Mahasiswa Di Simpang Jalan


Teori hegemoni mengajarkan kepada kita bahwa negara hanyalah alat untuk menguasai atau di kuasai. Indonesia sebagai entitas sebuah negara yang telah mengalami sejarah panjang peradaban juga tidak lepas dari dominasi antara yang dominan dengan yang di dominasi. Dalam catatan sejarah bangsa, kita mengetahui negara ini pernah mengalami pergolakan sejarah yang buruk, mengalami revolusi yang memunculkan banyak korban anak negeri.

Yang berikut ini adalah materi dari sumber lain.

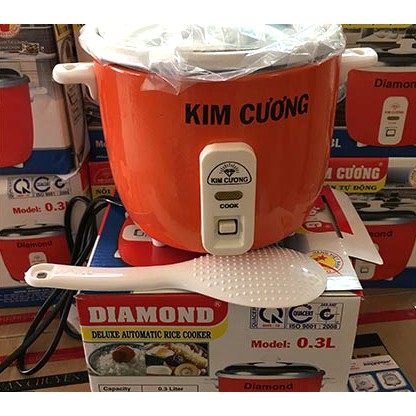 Nồi cơm điện 0.3 lít KIM CƯƠNG KC-03MK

Sejarah buruk bangsa mengajarkan kita bahwa Indonesia berdiri, berkembang dengan begitu macam realitas social yang menjadi masalah social di kemudian hari bagi bangsa ini. Fenomena social yang kita temui diantaranya, kaum elitis politik berebut jadi pimpinan ditengah kemiskinan yang terstruktur, anak kecil menjadi pengemis di lampu merah berjalan-jalan di antara mobil mewah yang berlalu-lalang. Di sudut-sudut dari ramainya gedung-gedung mewah di Jakarta terdapat rumah-rumah kumuh atau warung-warung kecil yang kemungkinan di gusur. Realitas ini menggambaran tanggung jawab mahasiswa sebagai golongan elit intelektual untuk berbuat sesuatu menyelamatkan bangsa.

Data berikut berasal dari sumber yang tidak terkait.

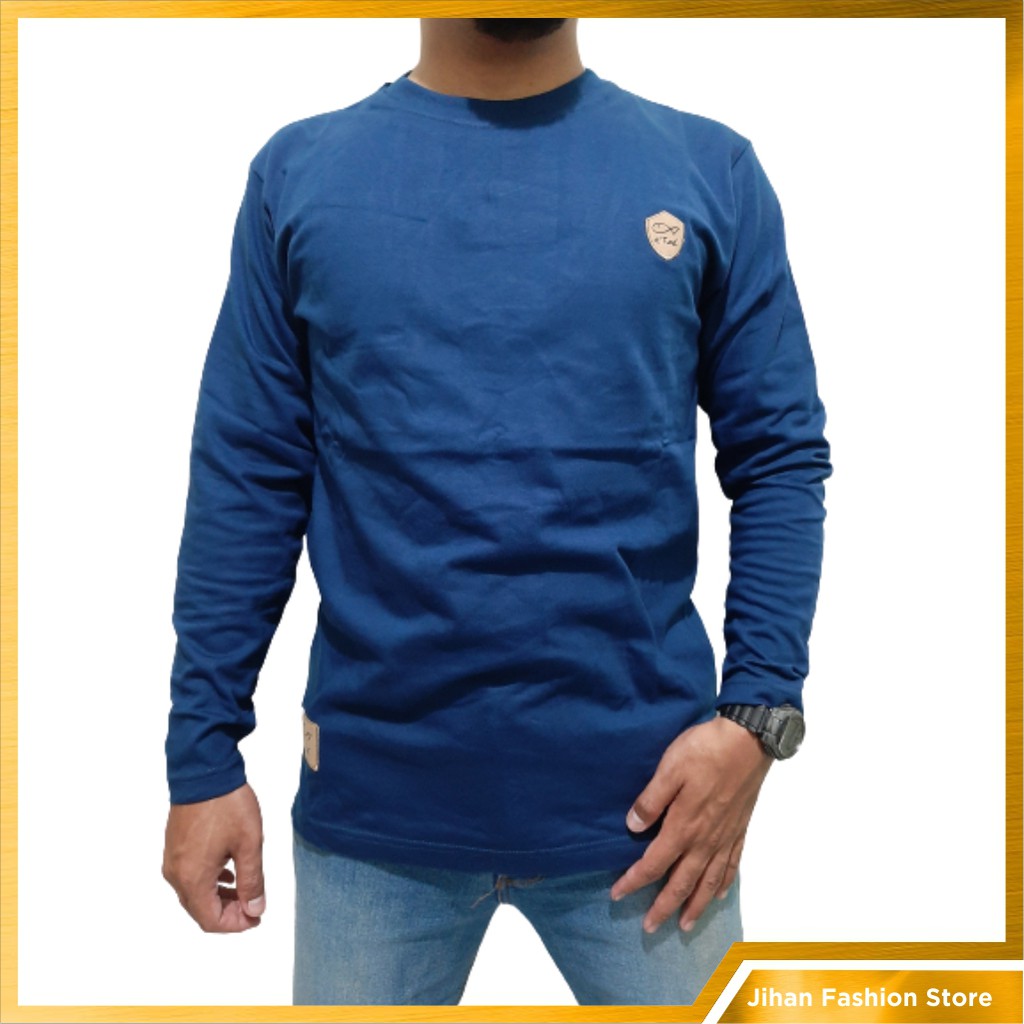 Kaos Lengan Panjang Polos Brand Ie Tuna Size L XL XXL XXXL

Hal ini menempatkan posisi penting mahasiswa sebagai golongan tengah berperan sebagai golongan netral dan berpotensi menjadi golongan penggerak perubahan social. Mahasiswa dengan gerakan moral dan pemikiran rasionalnya mampu menjelaskan koreksi  kepada elit pemerintah atau elit yang berkuasa bahwa mereka sedang melakukan kesalahan, peran mahasiswa juga untuk menjelaskan kepada rakyat biasa tentang program-program pemerintah yang akan mensejahterakan mereka atau menyusahkan mereka.
Mengingat posisi strategis mahasiswa dan menurunnya kualitas partai politik sebagai media penyadaran politik aktif kepada masyarakat, maka peran pendampingan rakyat dalam mencapai tujuan bangsa di ambil oleh mahasiswa sebagai golongan tengah bersama dengan seniman dan pers.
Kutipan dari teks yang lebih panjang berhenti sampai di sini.